What the task asks:
Below are records with pictures. Reproduce exactly the lines from the line with "Leah Remini Beri" to the line with "New 2027 Honda Odyssey EX-L image 8", inclusive, and leave each picture out.

Data:
------------------------

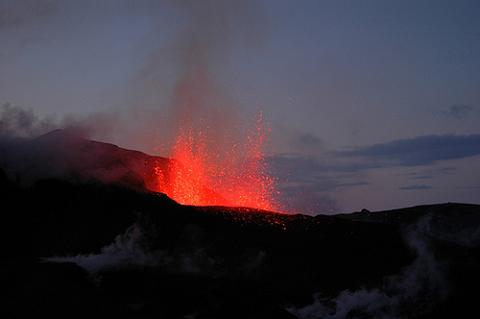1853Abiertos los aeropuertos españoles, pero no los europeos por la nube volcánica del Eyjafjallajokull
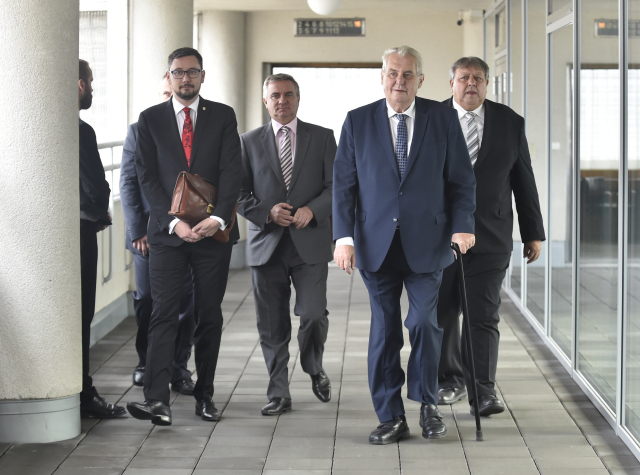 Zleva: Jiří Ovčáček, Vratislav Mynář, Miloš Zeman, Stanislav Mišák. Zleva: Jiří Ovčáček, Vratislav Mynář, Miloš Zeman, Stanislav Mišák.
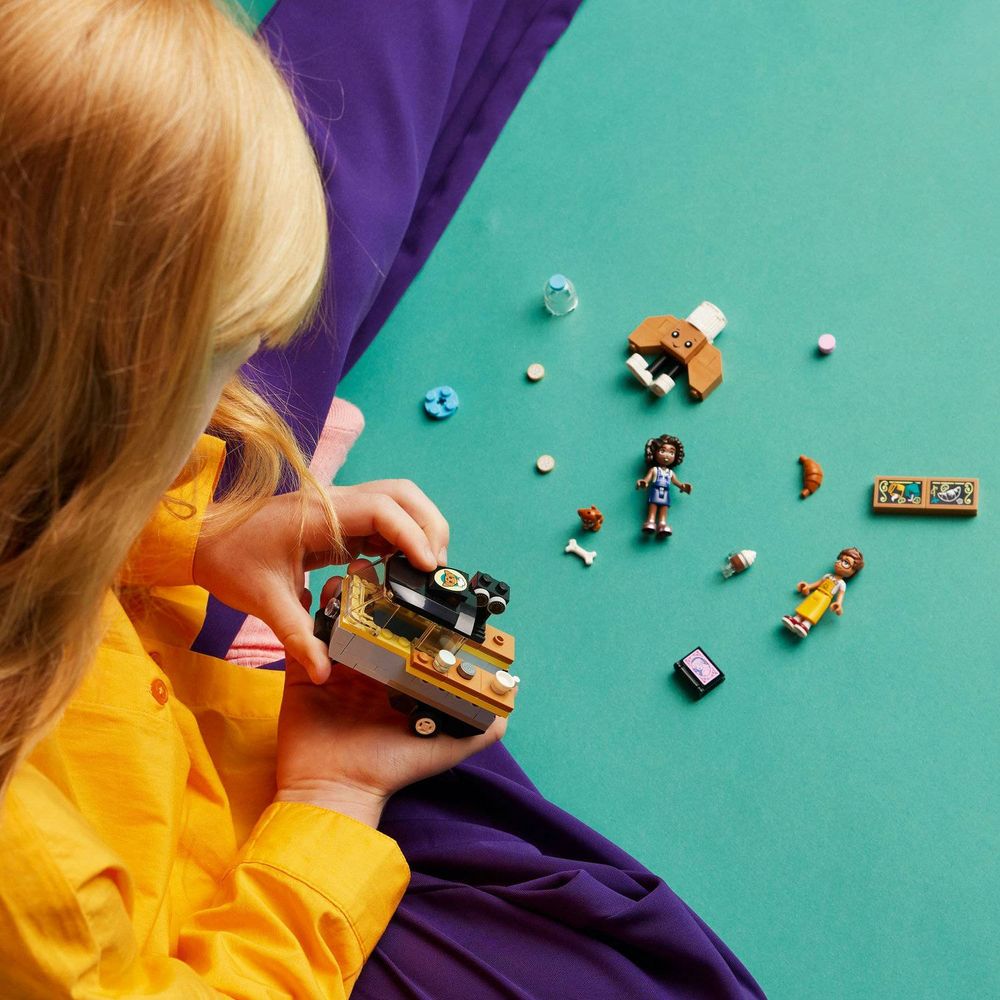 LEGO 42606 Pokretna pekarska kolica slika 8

------------------------

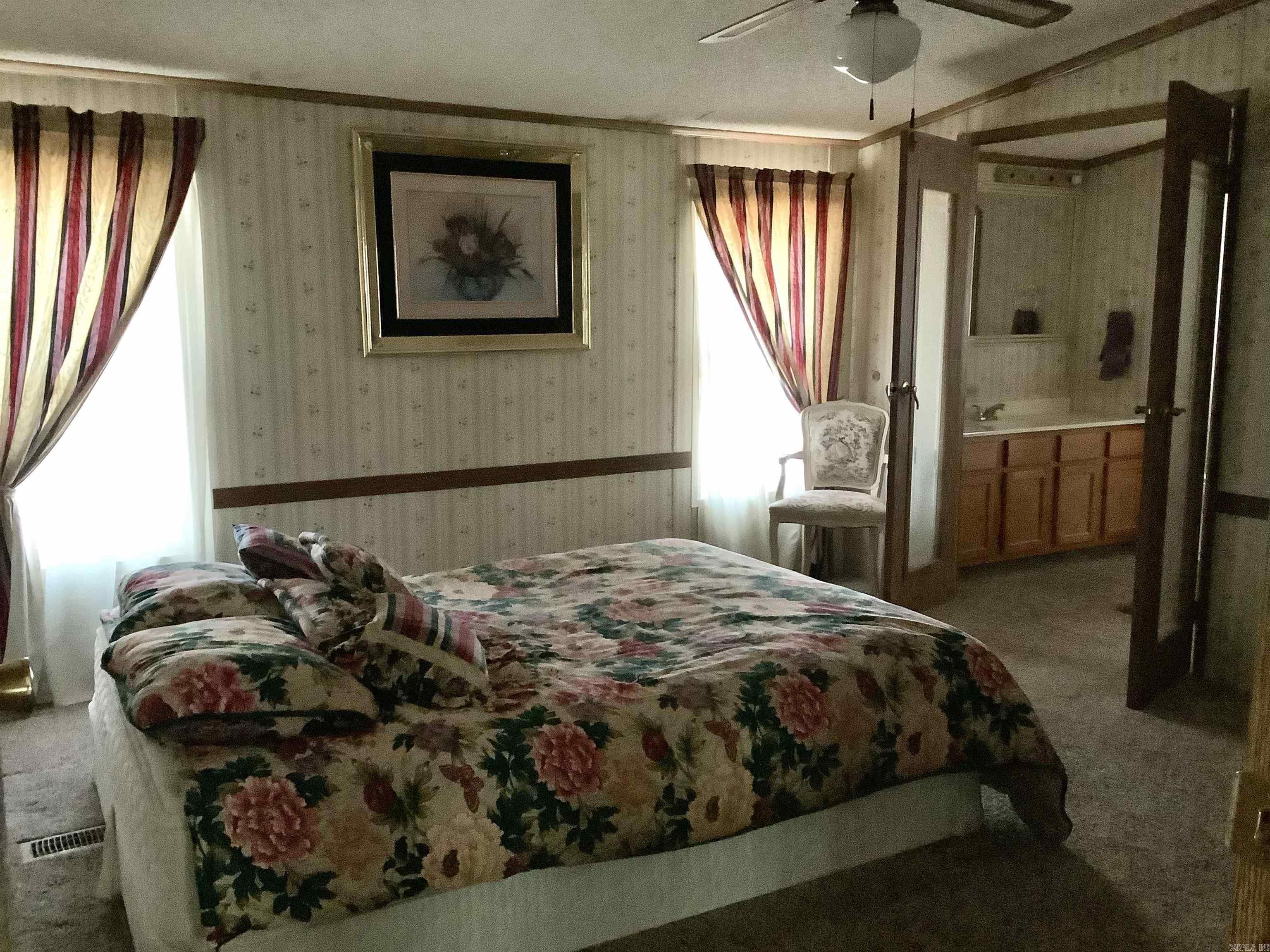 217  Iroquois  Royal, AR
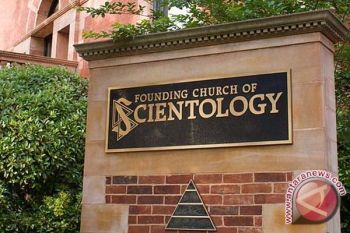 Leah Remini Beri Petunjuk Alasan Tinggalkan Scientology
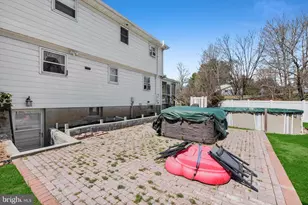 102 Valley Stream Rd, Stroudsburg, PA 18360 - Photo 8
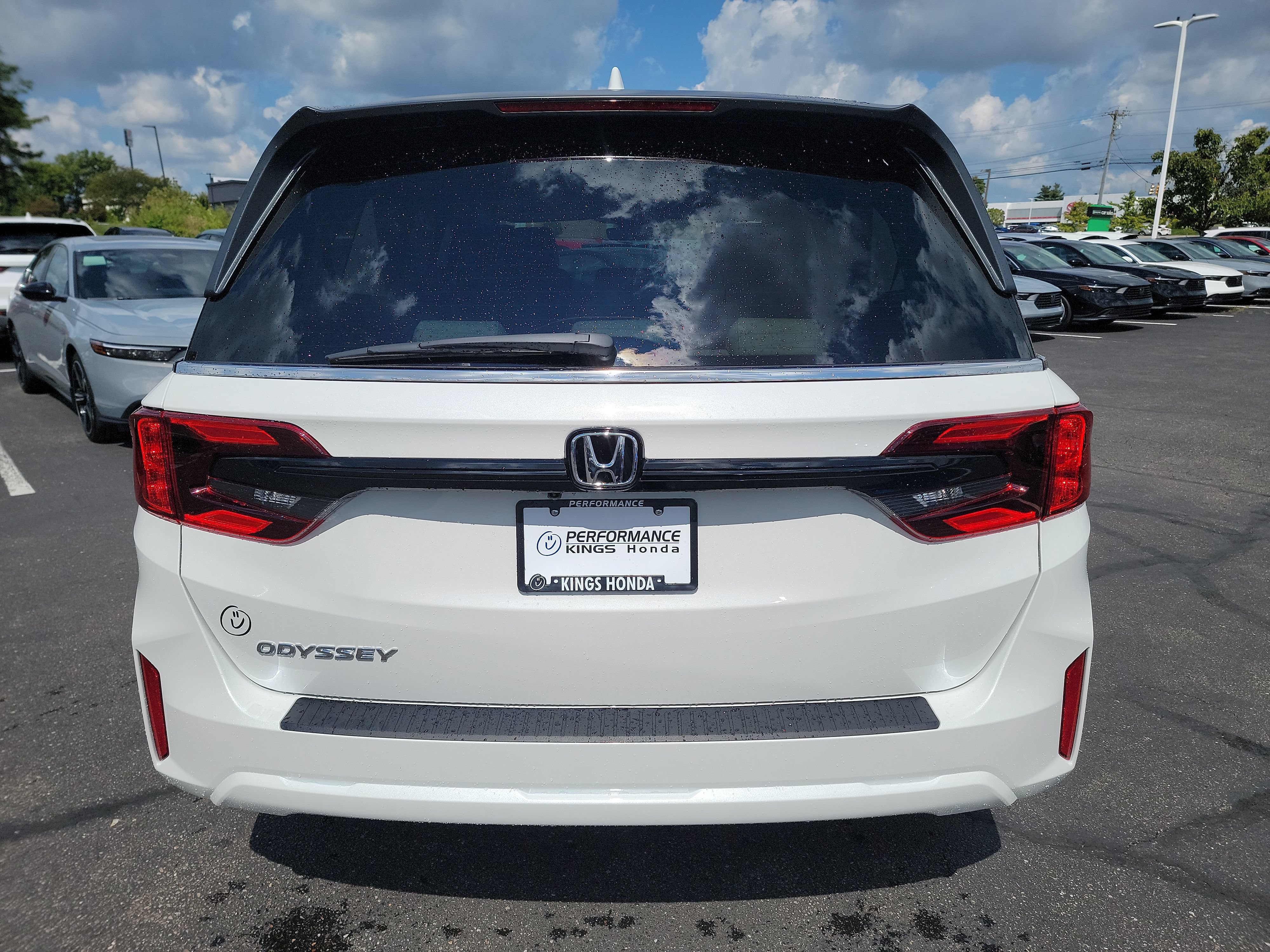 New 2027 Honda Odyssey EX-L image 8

------------------------

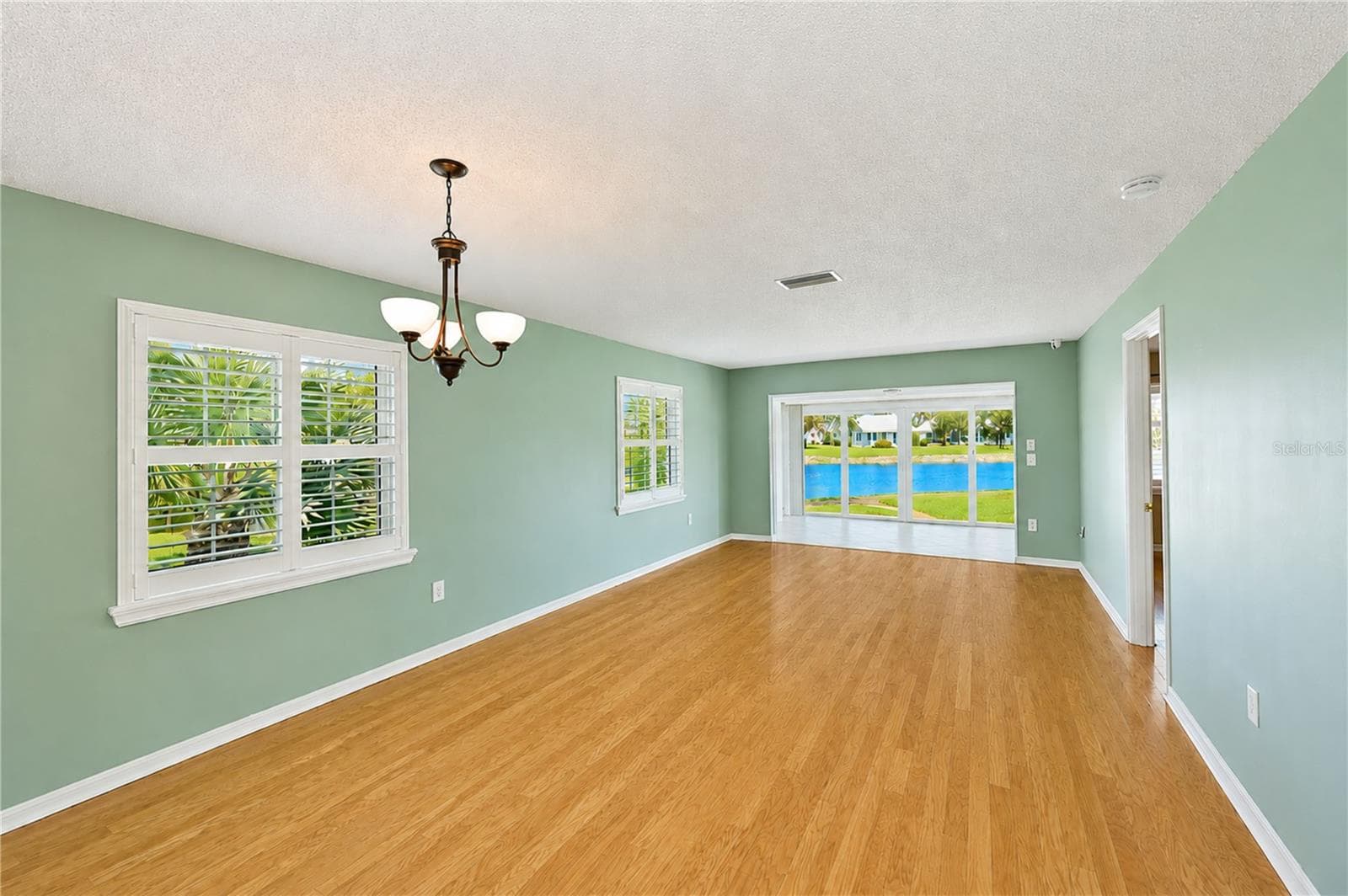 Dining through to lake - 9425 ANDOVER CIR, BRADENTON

------------------------

Written answer:
 Leah Remini Beri Petunjuk Alasan Tinggalkan Scientology
 102 Valley Stream Rd, Stroudsburg, PA 18360 - Photo 8
 New 2027 Honda Odyssey EX-L image 8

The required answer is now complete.